HTML Scraping or Surviving Orrible Corporate Tools


Enrico Spinielli


February 7, 2015

At work I have to fill my weekly timesheet. We use Planisware’s Timecard to record time spent on the various projects we are assigned to work on.

So you need to known what the total working time is for the day. For that our badging in and out is recorded and passed to Chronogestor which does sums them up and provides both a sexagesimal and decimal format.

When there is an anomaly the sums are blocked till the request you submitted to fix it is implemented… So I thought I could do some web scraping and extract my clockings from the relevant CG’s page, make the total for the day (in decimal form: in Timecard we record time in decimal form, i.e. 3.5 is 3 hours and 30 minutes.) and fill Timecard.

HTML Scraping to the rescue

Let’s take the page for the weekly clockings (in case of anomalies the rows like “Temps pointe” / “Temps valide” are empty):


I initially tried with some Python examples using lxml but got stuck. CG complaines if you are using Google Chrome (and the tools above use Webkit, the web browser engine, behind the scene).

Also I soon realized CG does a lot of rendering via Javascript while I initially assumed it would have been a simple HTML page with a static table for the clockings. (This would have been to simple to implement! What a mess!)

I decided to go for SlimerJS the scriptable browser that runs on top of Gecko, the web engine of Mozilla Firefox. (PhantomJS is the equivalent for Blink/WebKit used in Google Chrome.)

Nothing strange about using Javascript of course but CG sucks at it: it is a last millenium tool which has been hastily brought to this century without any knowledge of the web technologies (and any taste for usability and beauty.) Just check the generated DOM elements and you will see that the uniqueness (within a page) of id is not at all respected.

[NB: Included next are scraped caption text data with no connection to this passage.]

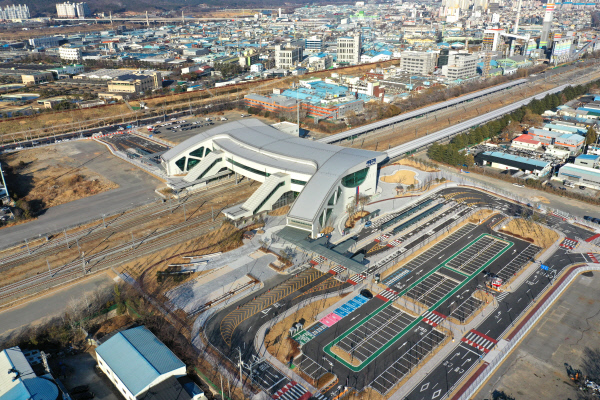 서대구역 조성 후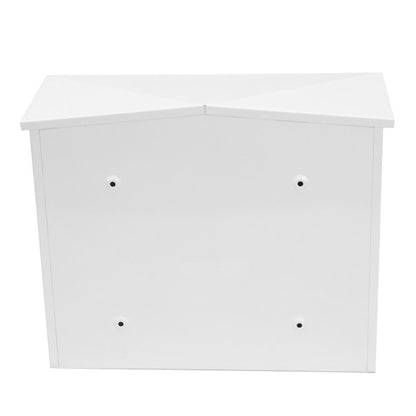 Buzon De Correo Nikita Acero Galvanizado Blanco 33x39x17 Cm Diseño Trampilla Antilluvia Resistente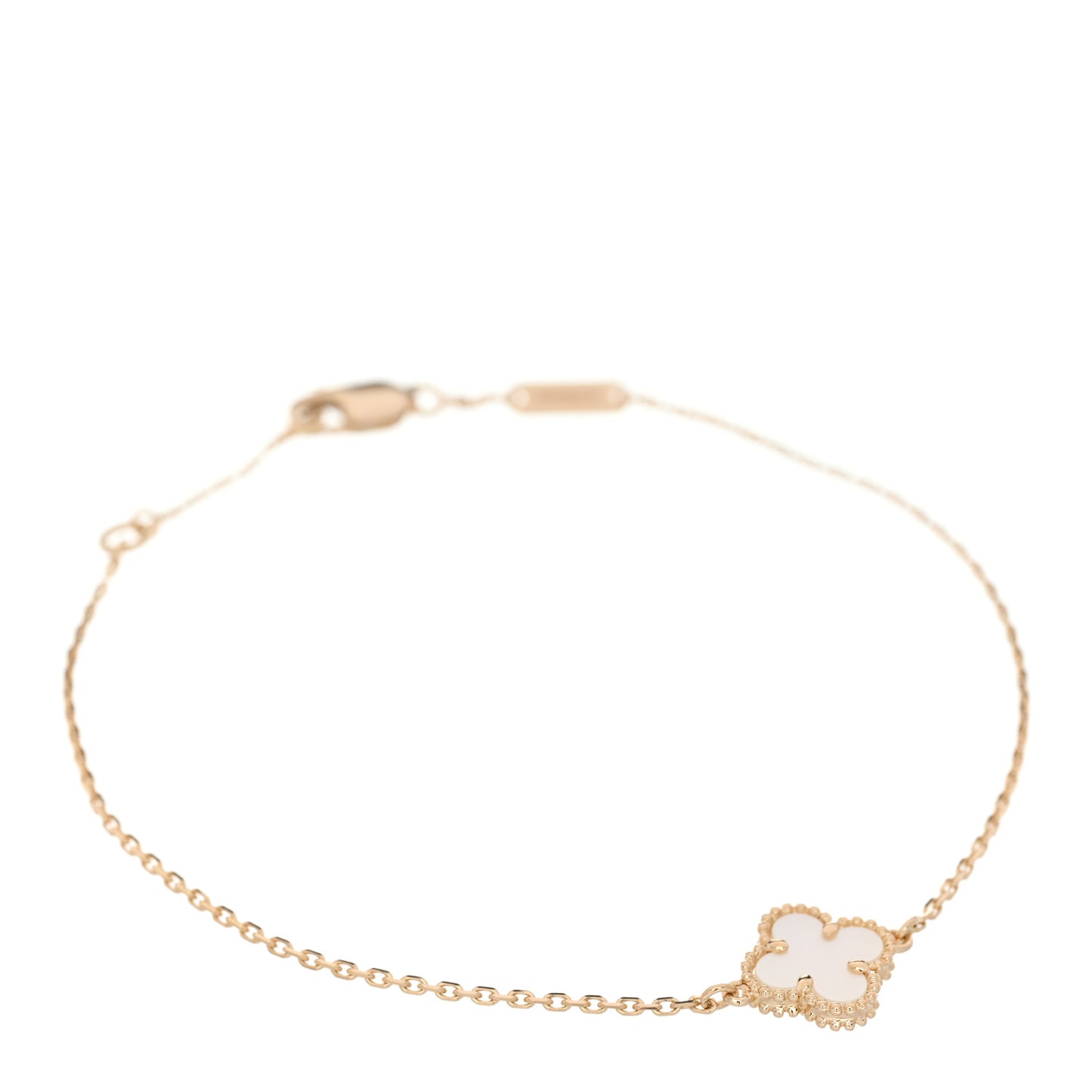 18K Yellow Gold Mother of Pearl Sweet Alhambra Bracelet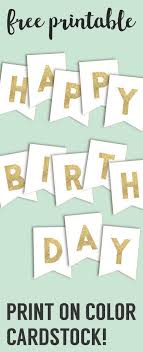 Happy Birthday Banner Printable Template Paper Trail Design Happy Birthday Banner Printable Free Happy Birthday Banner Printable Diy Birthday Banner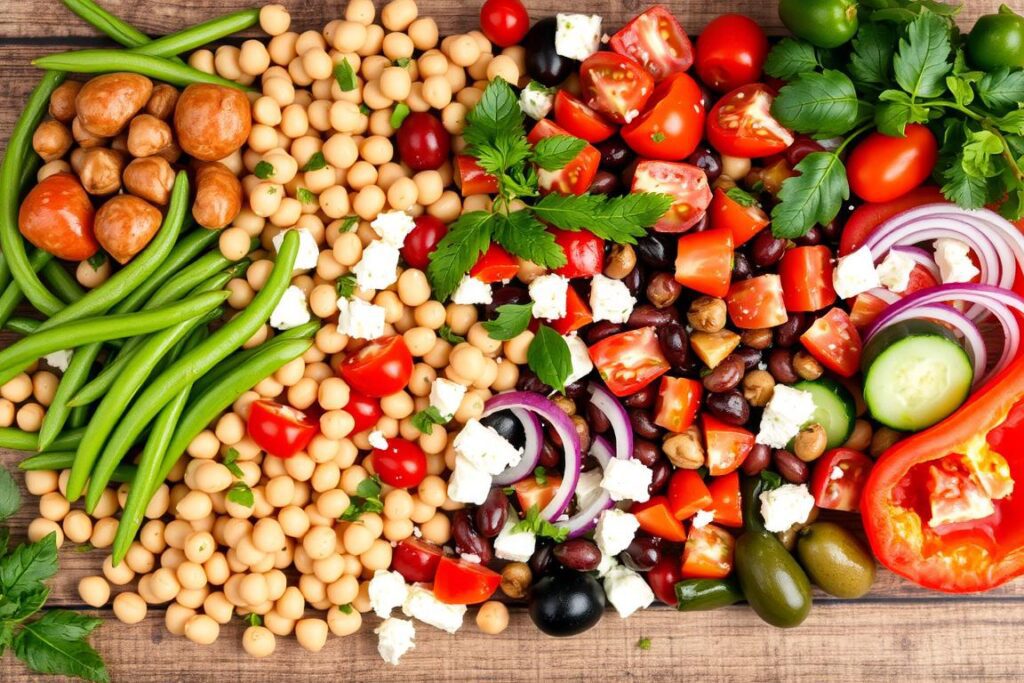 Mediterranean bean salad ingredients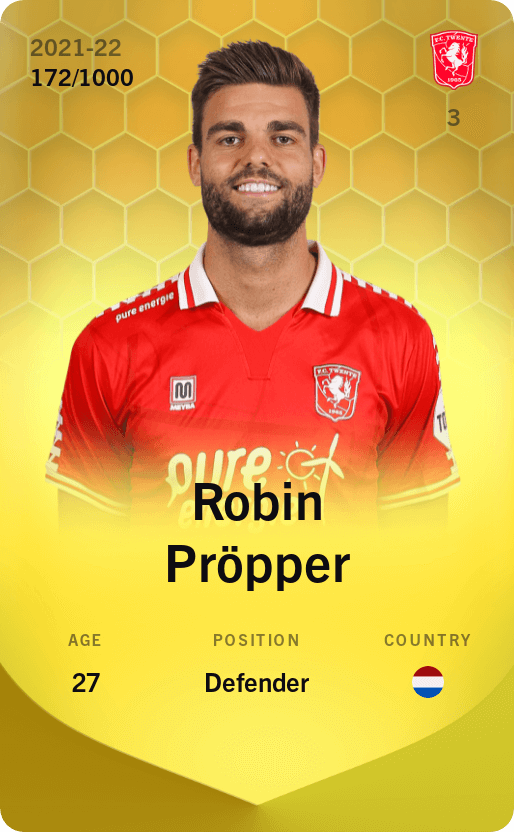 Robin Pröpper 2021-22 • Limited 172/1000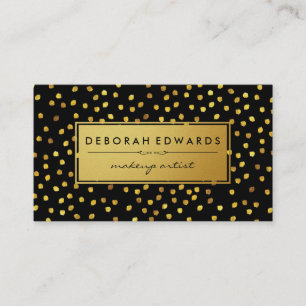 Padrão de Speck Dourado na moda com etiqueta do O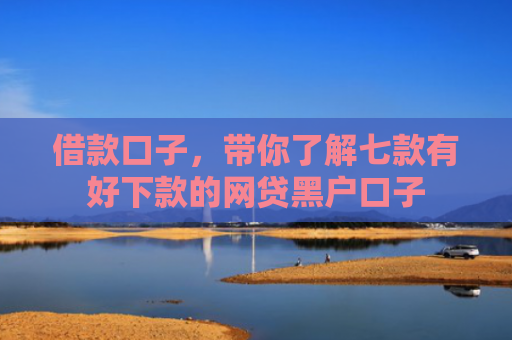 借款口子，带你了解七款有好下款的网贷黑户口子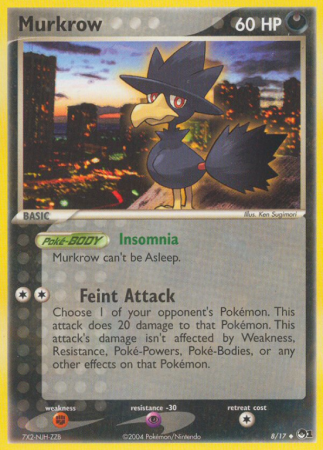 Murkrow 8/17 POP POP Series 1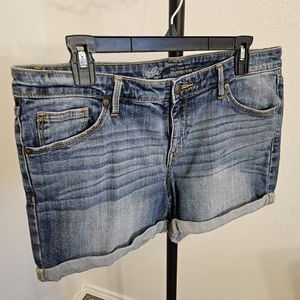 Mossimo Mid-Rise Denim Shorts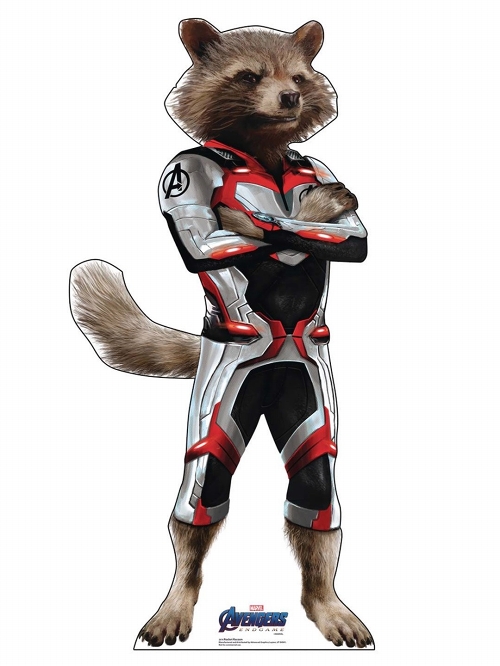 AVENGERS ENDGAME ROCKET RACOON LIFE-SIZE STAND UP / JUN192980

From the page for the weekly clockings shown above, using Firefox Developer Tools you can see that the table for the clockings (“Entrées/Sorties” row) can be selected via the following CSS path (line 58):

Run it!

The scraping is run as follows:

C:\goodies\cg>cg usr:pwd 03/02/2015

Where usr is the userid and pwd is the password for both the internet proxy and ChronoGestor.

cg is a simple (stupid?) .bat script

Loggin in

The relevant lines from the cg.js script 6-16,47,54,61-63 (see the code above.)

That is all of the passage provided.